▶ What to produce
Leave out the pictures and output the data verbatim.

▶ Data extract
──────────
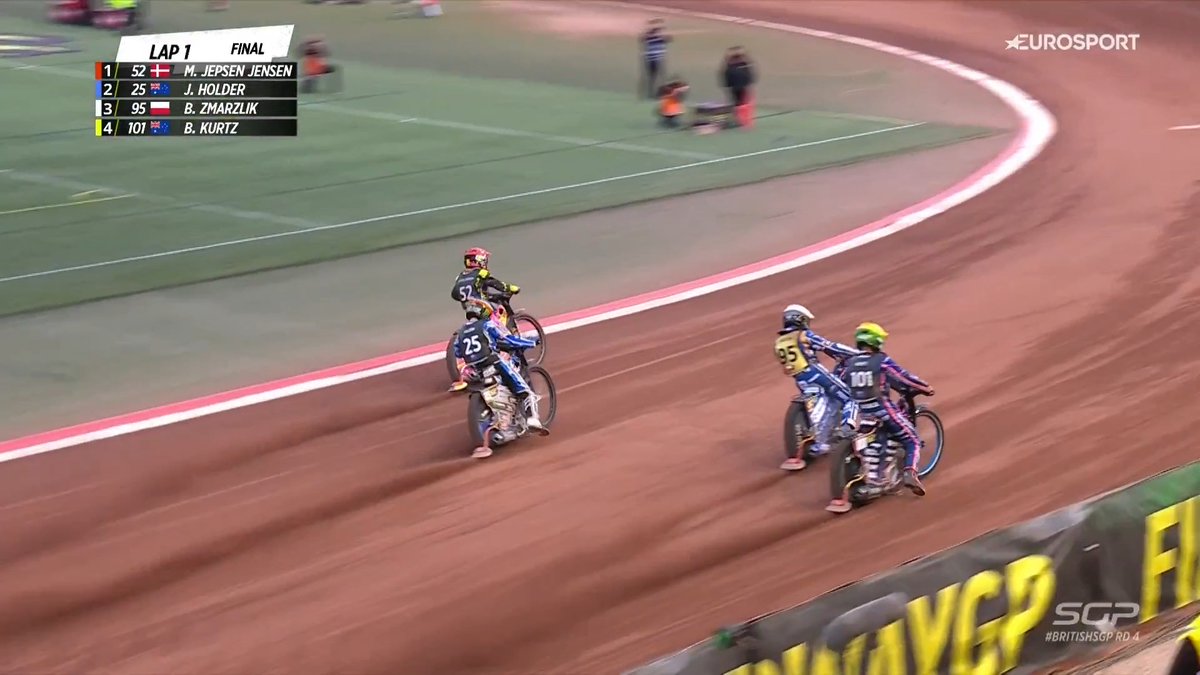 CO TO W OGÓLE BYŁO ⁉️⁉️⁉️ Wyścig sezonu. Wyścig dziesięciolecia. Wyścig wszech... Ogień, Brady Kurtz i reszta, łoooogień 🔥🔥🔥 #SGP #BritishSGP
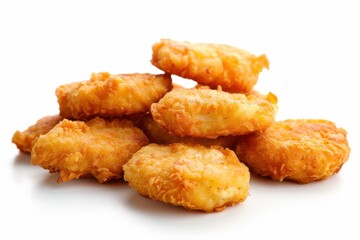 Crispy Chicken Nuggets &ndash; Delicious Fast Food Snack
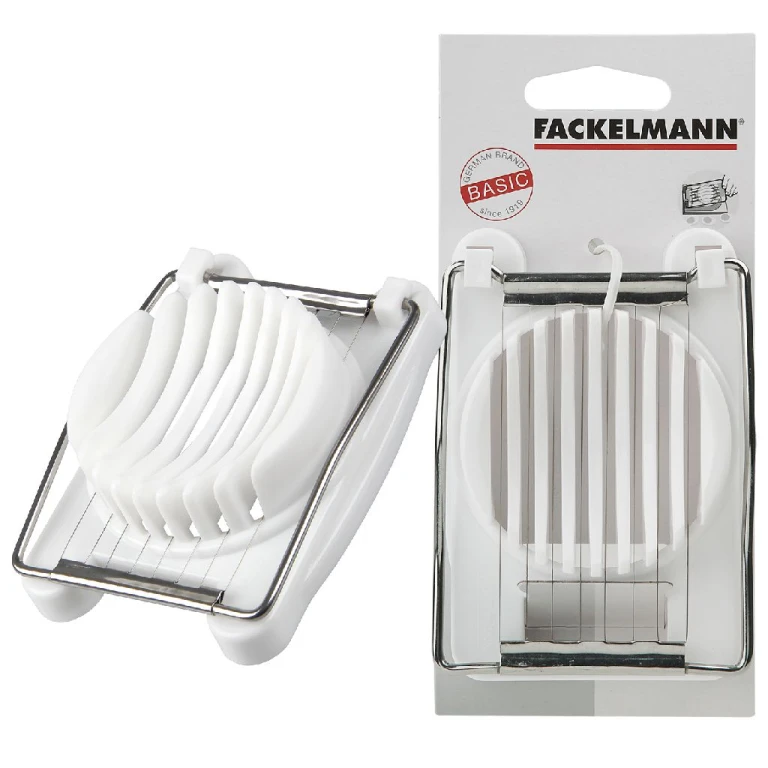 Fackelmann Eisnijder - Wit/Zilver - 1 stuk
──────────
▶ Written solution
 CO TO W OGÓLE BYŁO ⁉️⁉️⁉️ Wyścig sezonu. Wyścig dziesięciolecia. Wyścig wszech... Ogień, Brady Kurtz i reszta, łoooogień 🔥🔥🔥 #SGP #BritishSGP
 Crispy Chicken Nuggets &ndash; Delicious Fast Food Snack
 Fackelmann Eisnijder - Wit/Zilver - 1 stuk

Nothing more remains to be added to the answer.